▶ **Exercise inputs**
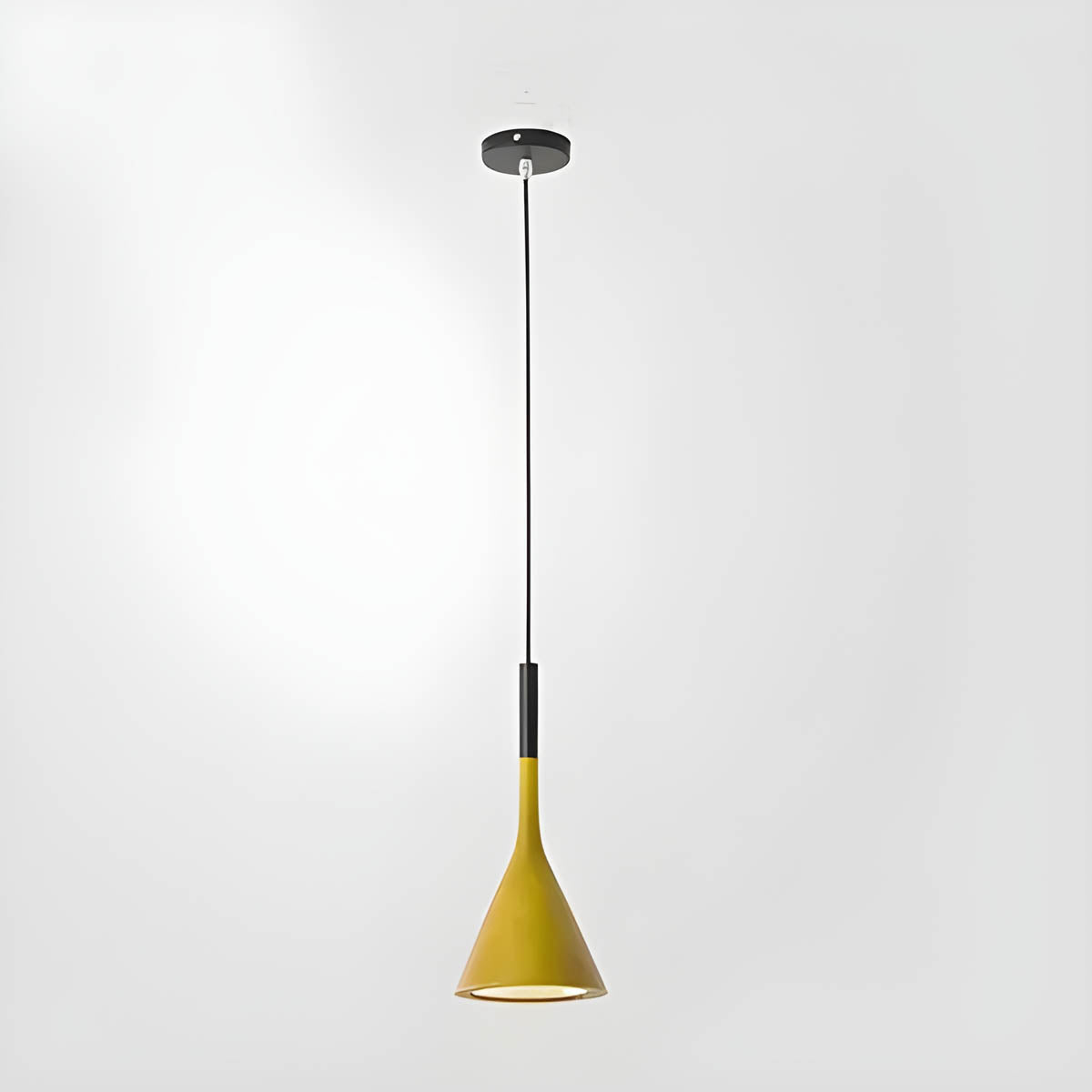 Lampa Wisząca LED Minimalistyczna Stożkowa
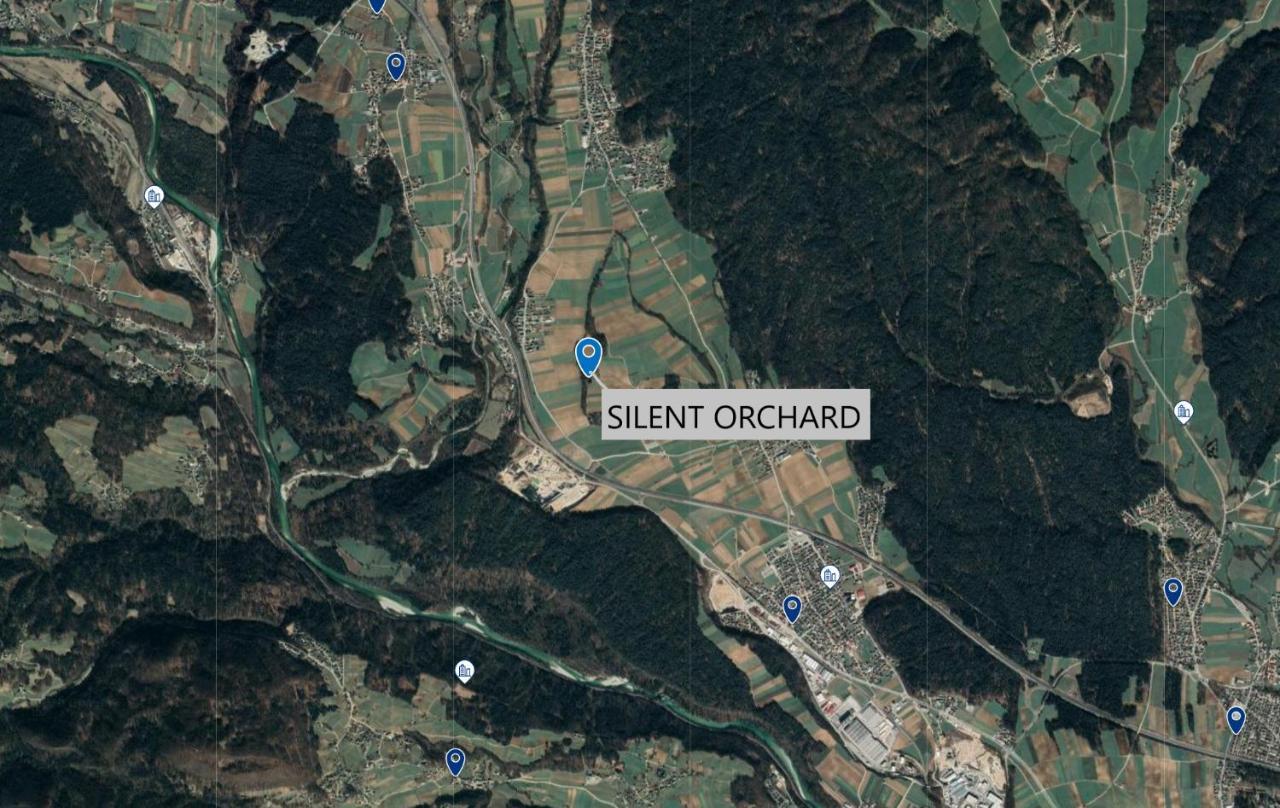 Vila Silent Orchard Naklo Exteriér fotografie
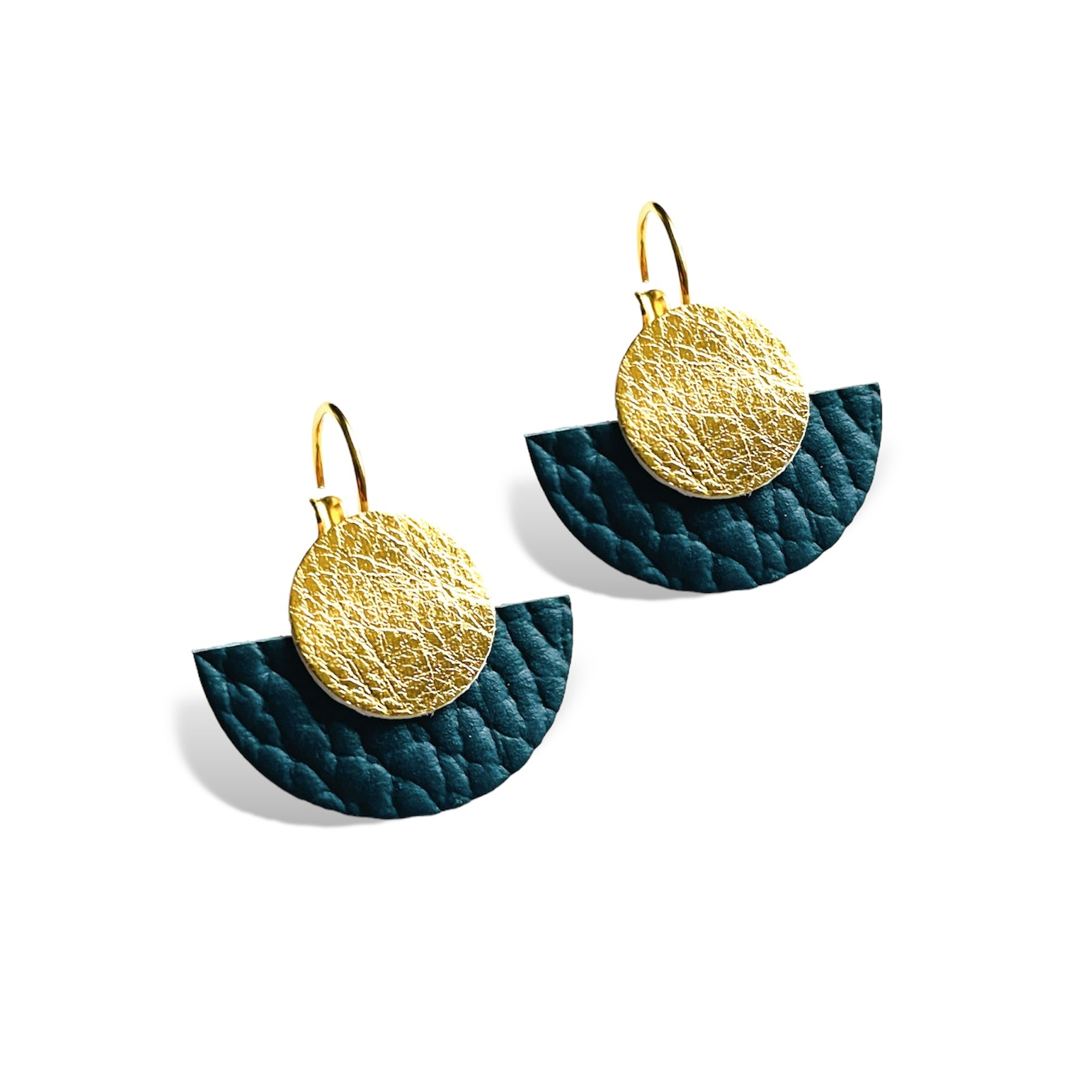 boucles d'oreilles dorées en forme de demi-lunes en cuirs doré et vert canard grainé, sur fond blanc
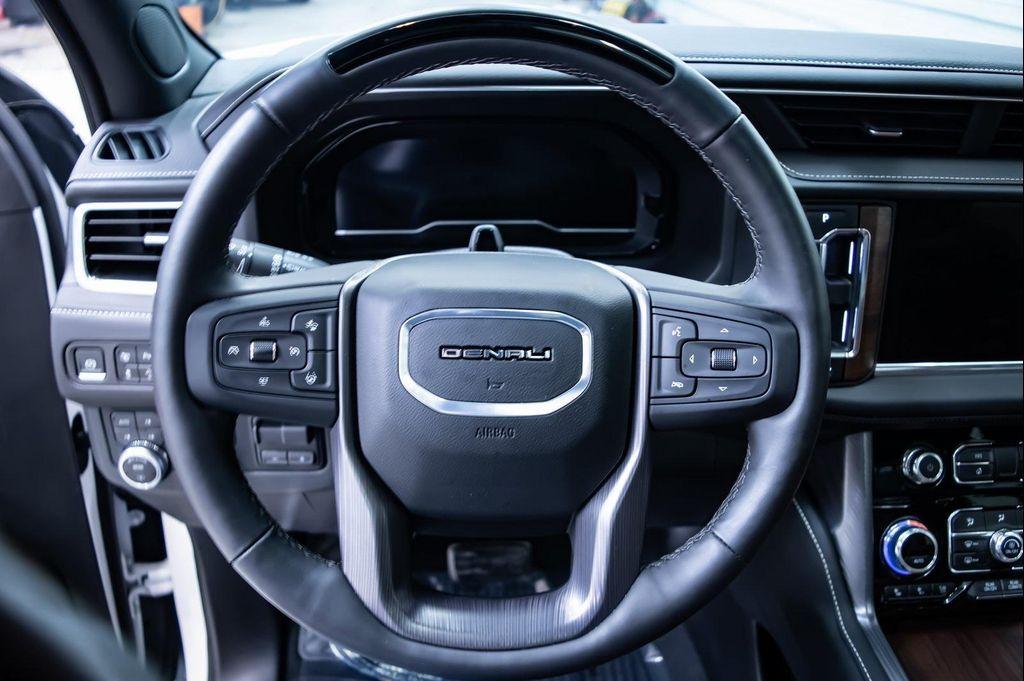 used 2024 GMC Yukon car, priced at $85,995
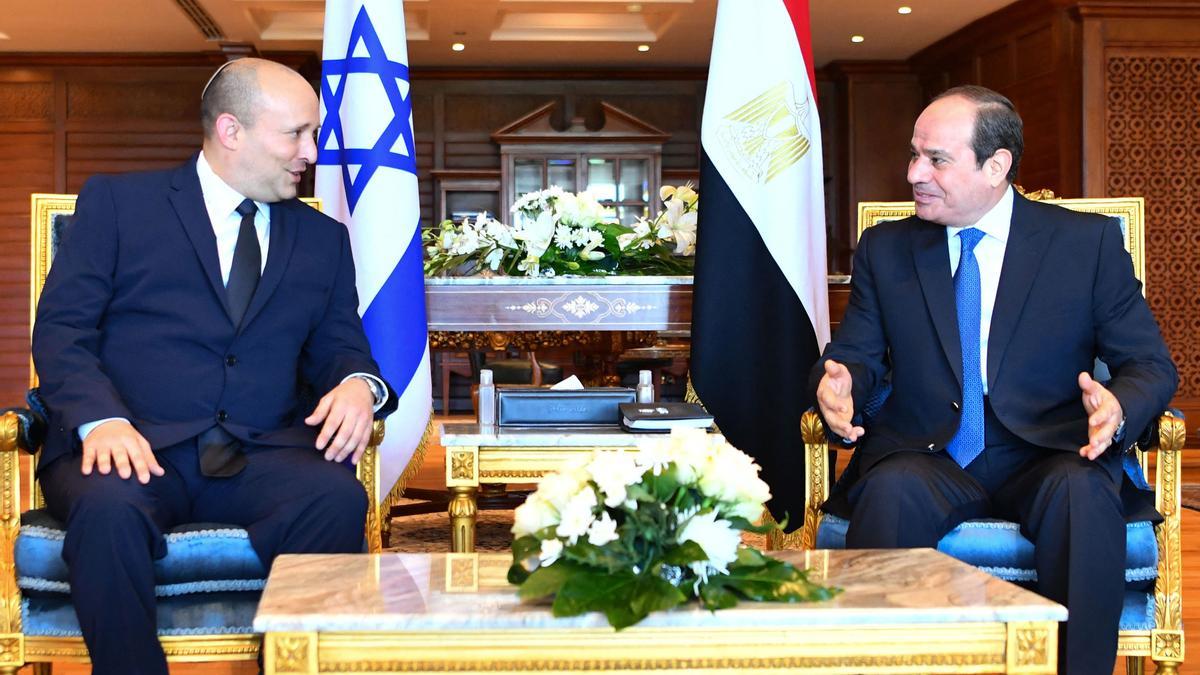 El primer ministro israelí, Naftali Bennett, con el presidente egipcio, Abdel Fatah al Sisi, con en la ciudad egipcia de Sharm al Sheij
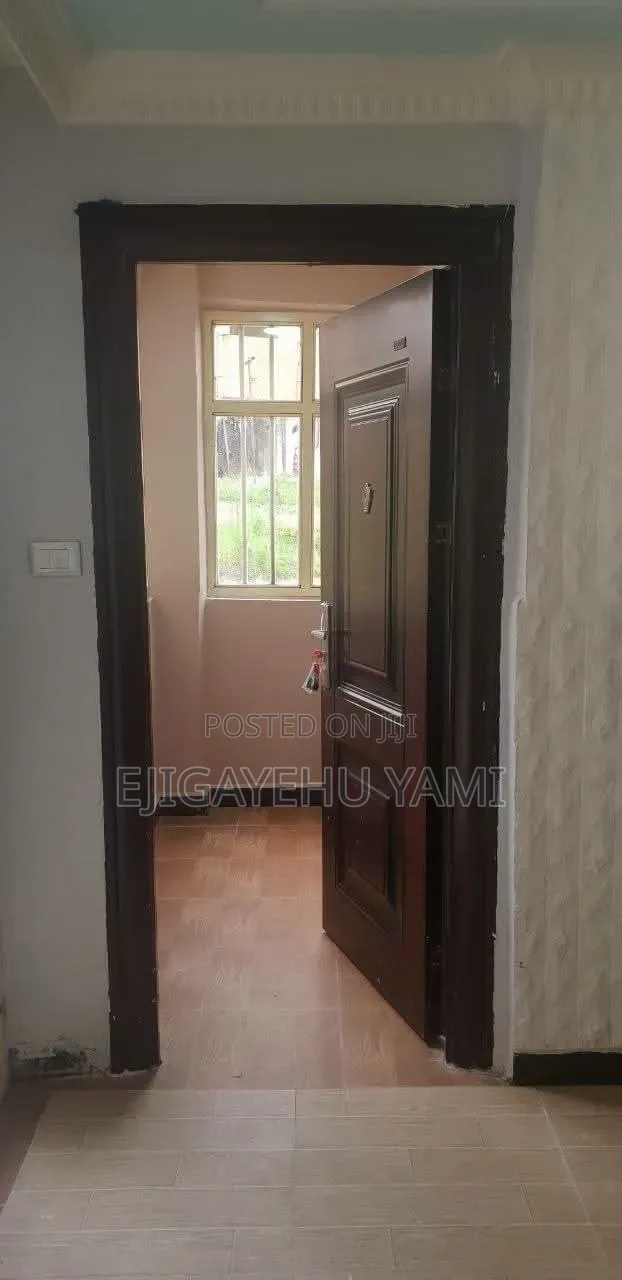 Furnished 3bdrm Condo in Condominium, Bole for sale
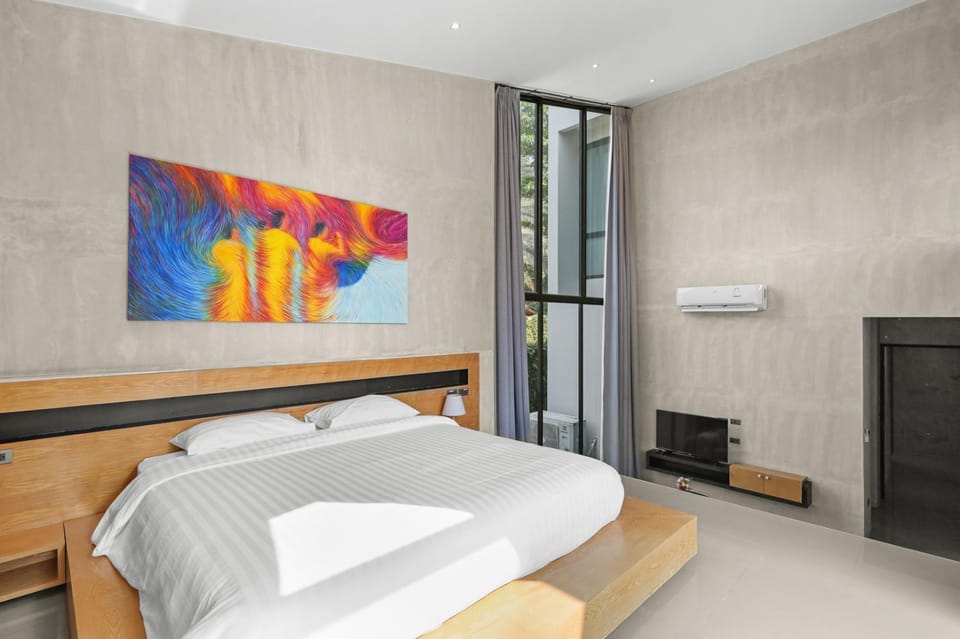 Bed, Photo of the whole room, Bedroom, air conditioner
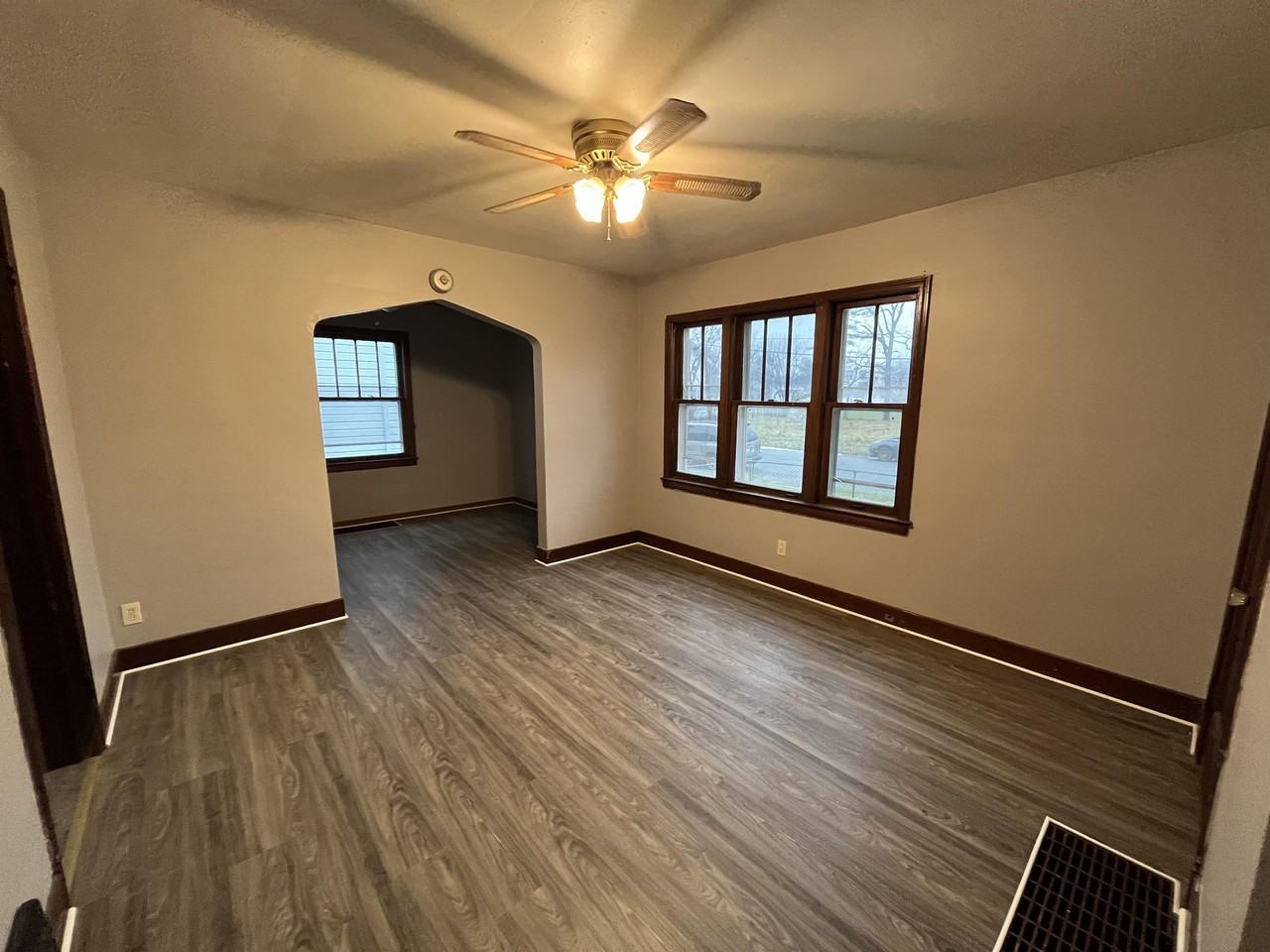 487 25th St Lowr - Photo 3 of 18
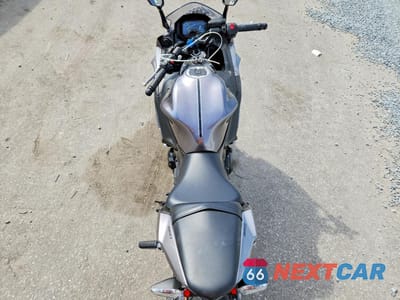 Zdjęcie 6 z 9 samochodu: 2021 KAWASAKI EX650 N VIN:ML5EXEN10MDA28845 - miniatura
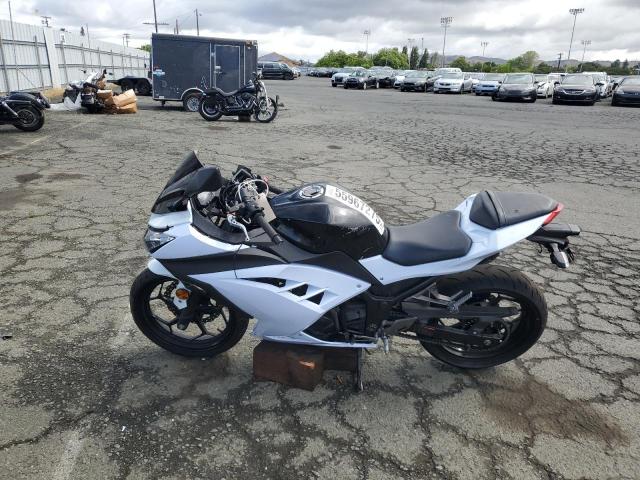 2017 KAWASAKI EX300 B JKAEX8B15HDA39965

▶ **Work required**
Restate the listing above word for word. Leave the images out.

▶ **Final answer**
 Lampa Wisząca LED Minimalistyczna Stożkowa
 Vila Silent Orchard Naklo Exteriér fotografie
 boucles d'oreilles dorées en forme de demi-lunes en cuirs doré et vert canard grainé, sur fond blanc
 used 2024 GMC Yukon car, priced at $85,995
 El primer ministro israelí, Naftali Bennett, con el presidente egipcio, Abdel Fatah al Sisi, con en la ciudad egipcia de Sharm al Sheij
 Furnished 3bdrm Condo in Condominium, Bole for sale
 Bed, Photo of the whole room, Bedroom, air conditioner
 487 25th St Lowr - Photo 3 of 18
 Zdjęcie 6 z 9 samochodu: 2021 KAWASAKI EX650 N VIN:ML5EXEN10MDA28845 - miniatura
 2017 KAWASAKI EX300 B JKAEX8B15HDA39965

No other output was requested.